Development notes/PC-98

From Touhou Patch Center
Jump to navigation Jump to search

So how will this be used?

As there are no DLLs on DOS, the thcrap port has to be compiled to a standalone TSR executable which intercepts some DOS interrupts.

Basically, the user has to call thcrap98 first, followed by how the game would be normally run:

	cd \thcrap98
	loadhigh thcrap98 runconf.js
	cd \th0x
	game

Having to copy the thcrap98 directory on every single HDI will be really annoying. Thus, the setup will copy the existing games (with all save data, of course!) from the 5 individual HDIs onto a single new, big HDI with every game on it. It will also install FreeDOS and add a nice start menu to automatically execute the commands above.

Windows -> DOS porting

(um... let's save that for later)

thcrap initialization

Good news: On DOS, .exe files are not too different from .com files. On invocation, the whole file is loaded into one contiguous block of memory. And I already feared that the different segments would be spread all over memory...

But well, that makes things no more different than on Windows! We'll just get the start address of the .exe file and patch away.

... and "getting the start address" is where our problems begin. :-)

Problem #1: Under normal circumstances, int 21,4b does not return until program execution has finished. Figures, DOS isn't a multitasking operating system, after all.

Solution: Call int21,4b01, then patch, then run (set some registers and jump to CS:IP given in the PSP). Gee, this is so much easier than on Windows for once!

Gotta try this tomorrow. \o

Eh, and what about Diet?

Yup. After calling int21,4b01, packed .exe files are still packed. What do?

a) Get GreaseMonkey to complete his open-source unpacker
b) Try inserting an interrupt after the unpacking code to do the patching then
c) Bundle TRON.EXE with the patch (terrible idea, as it is a 16-bit executable and the patches then can't be installed on 64-bit operating systems)

Hey, Nmlgc, where is the progress?

Sorry, but the native PC-98 version of Turbo C++ keeps crashing for no apparent reason. Looks like I have to use the Open Watcom cross compiler after all (this would have been the better method from the beginning, but well...). This also means that I have to unfortunately rewrite a large chunk of my TSR testing code.

Damn, I really hope that this is the last instance of effort being wasted in this whole PC-98 patching affair.

2013-04-19: Got used to Open Watcom, everything works again as expected. Let's do some patching tomorrow! \o

OK, so how do we go about doing this?

Step 1: Get int21,4b01 to work for any executable, without doing any patching. This means hooking any call to int21,4b00 with int21,4b01 and the required jumps Step 2: Take a look at the Diet decompression code and look for a breakpoint where the entire program has been decompressed.

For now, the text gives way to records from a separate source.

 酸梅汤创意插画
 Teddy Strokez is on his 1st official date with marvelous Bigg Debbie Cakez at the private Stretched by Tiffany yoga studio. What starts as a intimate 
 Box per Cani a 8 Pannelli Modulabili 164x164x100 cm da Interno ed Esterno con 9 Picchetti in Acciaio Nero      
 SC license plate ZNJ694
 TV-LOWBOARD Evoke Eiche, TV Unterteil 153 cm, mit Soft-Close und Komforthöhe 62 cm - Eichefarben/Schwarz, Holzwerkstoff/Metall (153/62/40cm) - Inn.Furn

The Solution To Our Daily Memory Model Problems

Yet another really awkward thing to debug. Simple variable assignments suddenly fail, yet the C code compiles just fine.

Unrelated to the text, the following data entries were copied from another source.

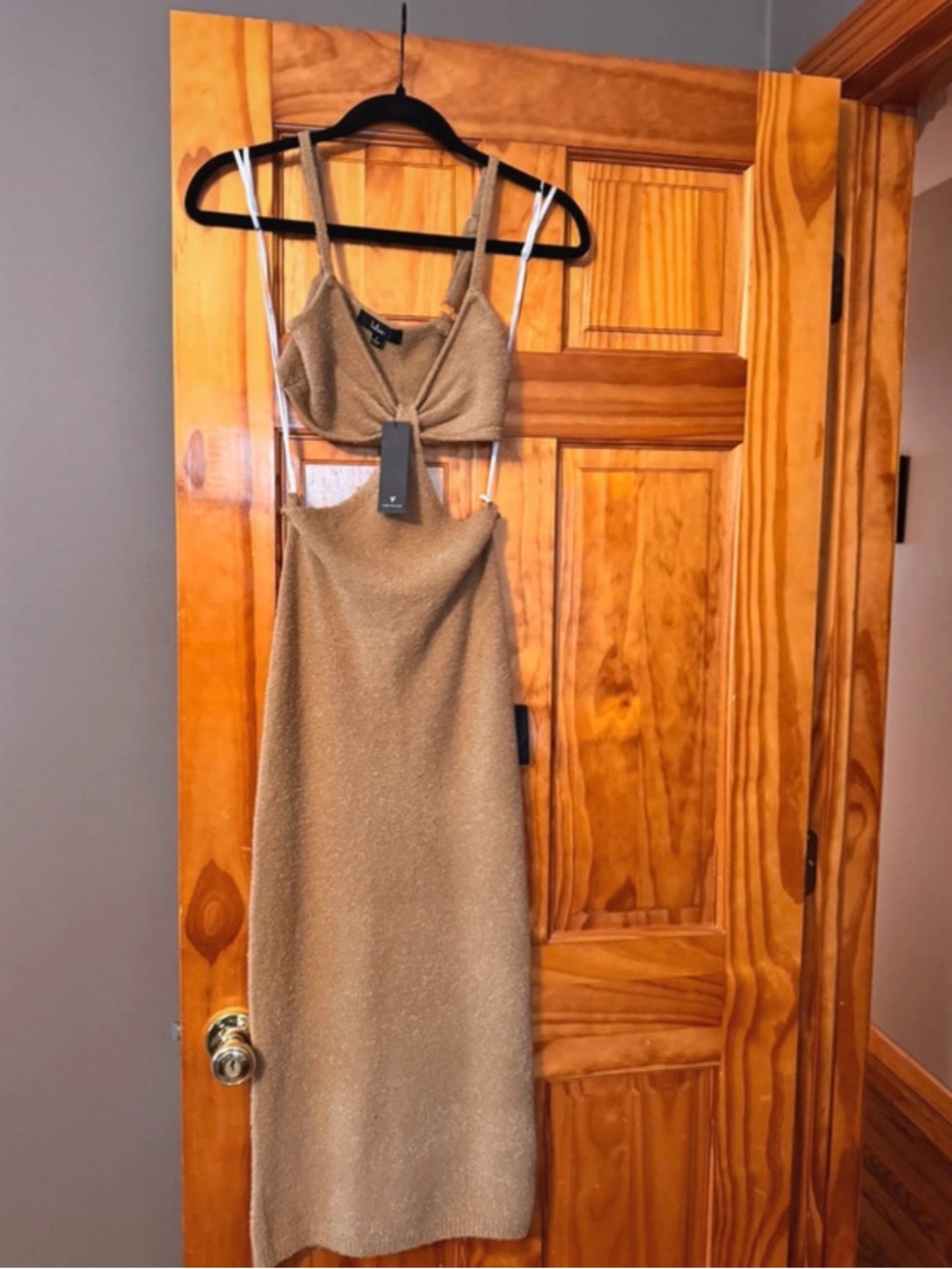Lulu's Tan Sparkle Knit Two-Piece Midi Dress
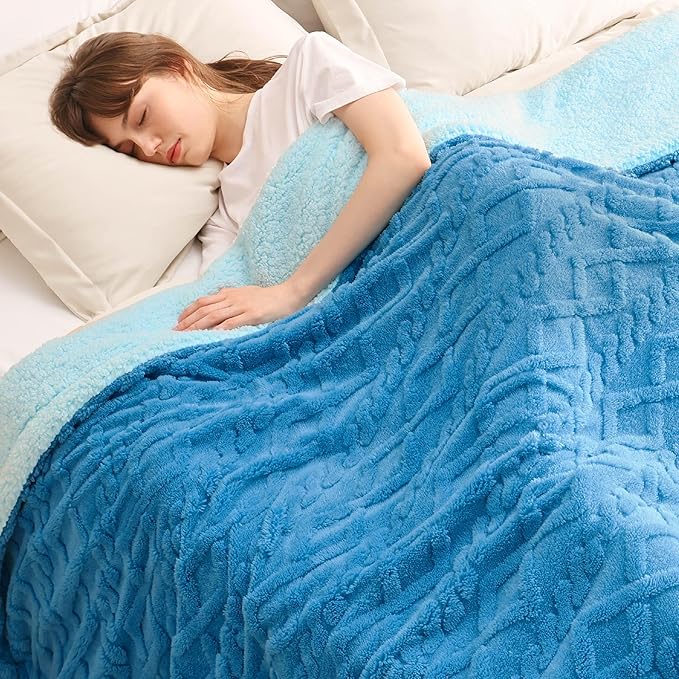 Bedsure Sherpa Fleece Blanket Twin Size for Bed - Fuzzy Soft Cozy Cable Throw for Couch, Thick Warm Blankets for Winter, Horizon Blue, 60x80 Inches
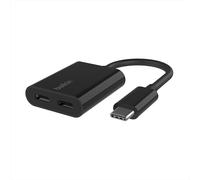Belkin adaptador USB C RockStar de audio + carga USB-C, convertidor para cascos con carga rápida USB-C Power Delivery de 60 W, iPhone 16, iPad Pro, Galaxy, Note, Google Pixel, LG, Sony y otros, negro
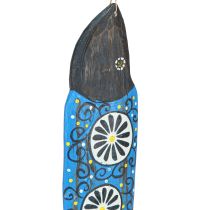 Article Décoration en bois poisson coloré à suspendre bleu et vert 38cm 2 pièces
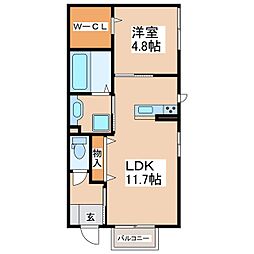 カーザルナ 1階1LDKの間取り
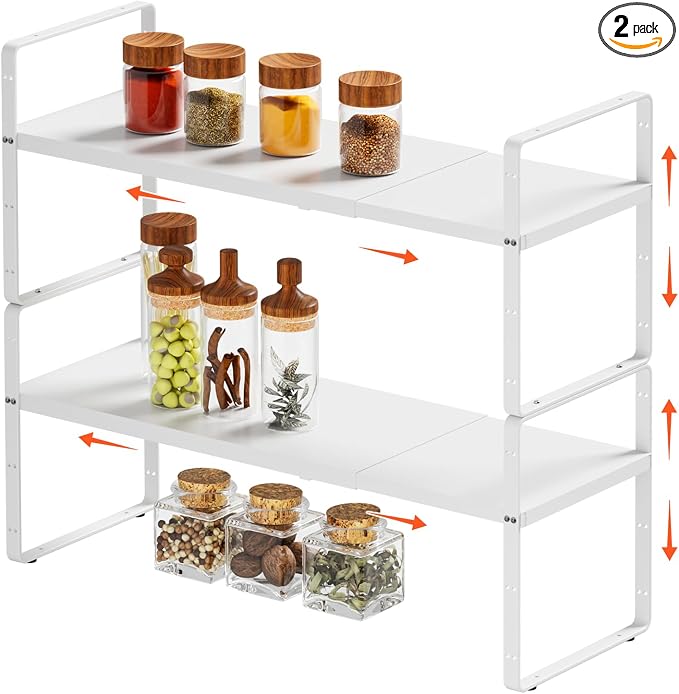 2Pack 16.5-27''L Expandable Cabinet Countertop Shelf Organizer, White | 8"W x 9.6"H, Stackable Metal Shelves, Storage Spice Rack, For Pantry and Cupboard, Kitchen Organizers and Storage by DPZM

The reason: Segments are getting mixed up, some pointers need to be far, some near, and everything gets really confusing...

Solution:

  • Just compile everything with the Compact model (near code, far data). :-)

Oh shit.

So apparently, whenever int21 is called, a pointer to some CPU register structure is stored in the PSP. The registers are the restored from this structure when a program terminates... and this somehow screws up our possibilities of returning to command.com after termination.

Shit.

I need to go to bed. Will have to look closer...

Looking closer

Alright, we now at least end up at the right code position after program termination. The registers still seem messed up, though...

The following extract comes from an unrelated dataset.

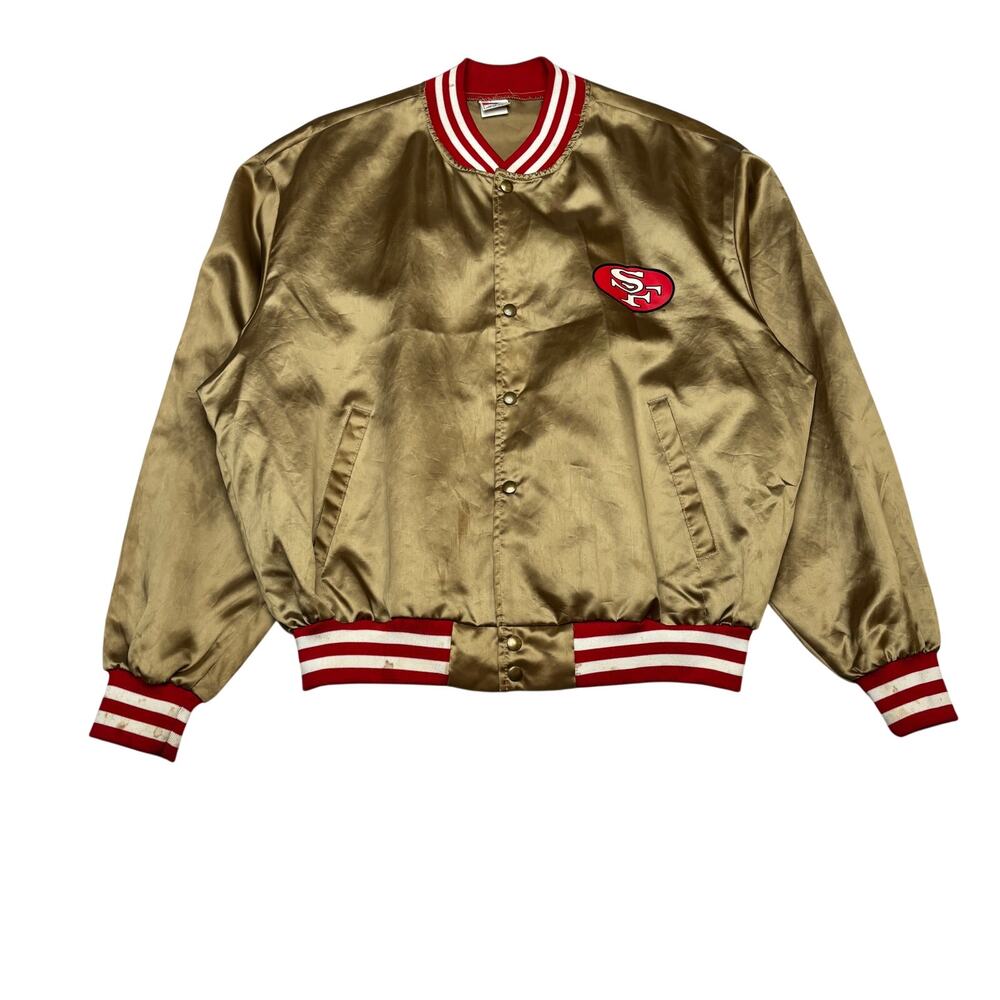Vintage 80s San Francisco 49ers Gold Satin Bomber Jacket XL Swingster USA NFL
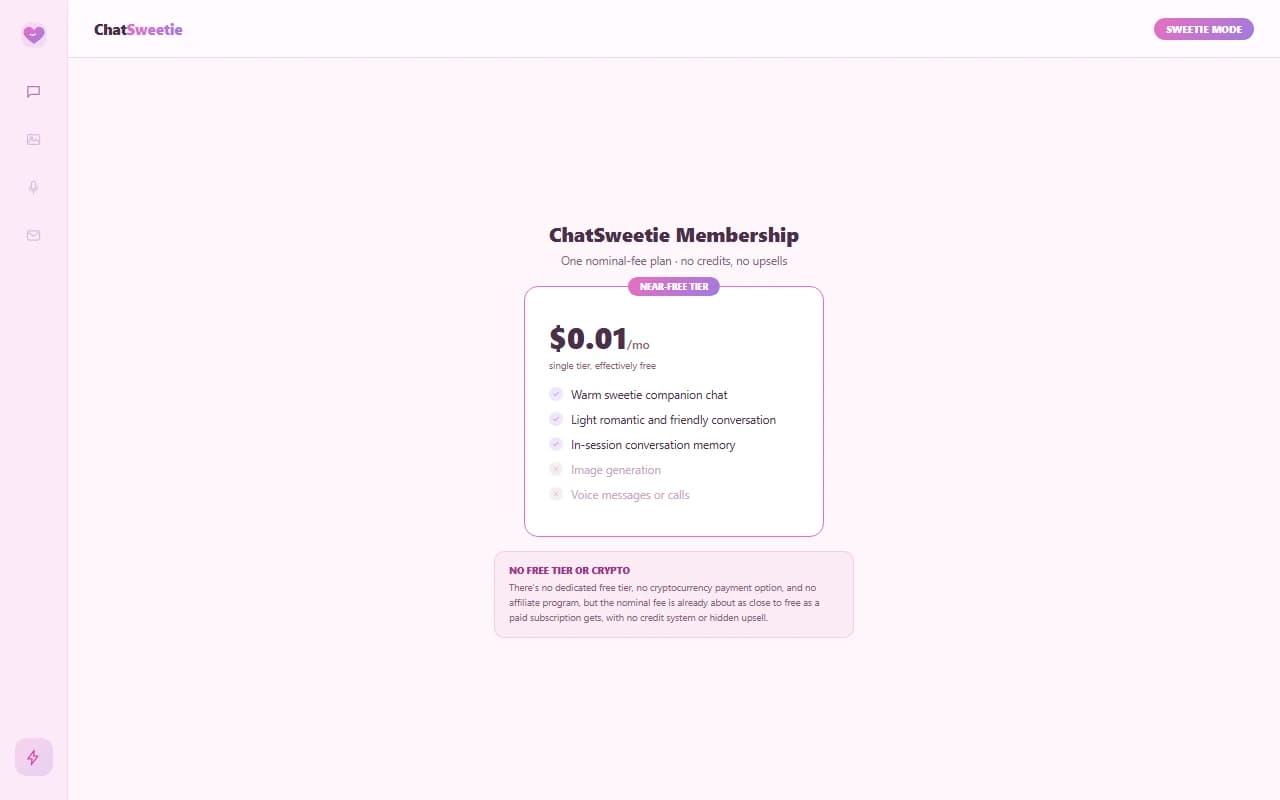 ChatSweetie pricing screen showing the single nominal-fee subscription plan ChatSweetie pricing screen showing the single nominal-fee subscription plan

So, the state at 07ec:01a7 needs to be the exact same as at 07ec:01ac.

Super-portable solution: Just store our SS:SP in a global variable. The registers shouldn't matter at all - they are restored from this stack anyway.

Hello World and th02 work now... every other game shows some weird error:

  • th01: shows intro, hangs somewhere in OP.EXE, before the menu displays
  • th03: hangs after the third invocation of ZUN.COM (zun -5)
  • th04: fails memory check in first invocation of ZUN.COM. Definitely _not_ a memory problem!
  • th05: seems to run through all ZUN.COM invocations, but shows STOP error before the intro

A~ha! Trying it with a utility recommended in the FreeDOS source, http://www.beroset.com/asm/showregs.asm, it displays a bunch of junk when the patch is active...

... oh wow, my old ROT-13 shenanigans were part of the problem! th01 and th05 now work as well. th03 and th04 still show the same issues.

WHAT THE FUCK IS GOING WRONG HERE

It's not Diet.

Seems to be the memory extender.

Alright, the hard way...

th03

ZUN.COM fails at the function at cs:0256... which is just a wrapper around int21,4c "Terminate process".

So the FLAGS register for the IRET in exec_user() (the very last function of the process termination chain) gets "lost from the stack" somewhere in the process, ZUN.COM's segment gets moved to the FLAGS register... and the emulation halts.

Fun.

Interestingly, this happens every time... which means that the games only worked because of sheer chance.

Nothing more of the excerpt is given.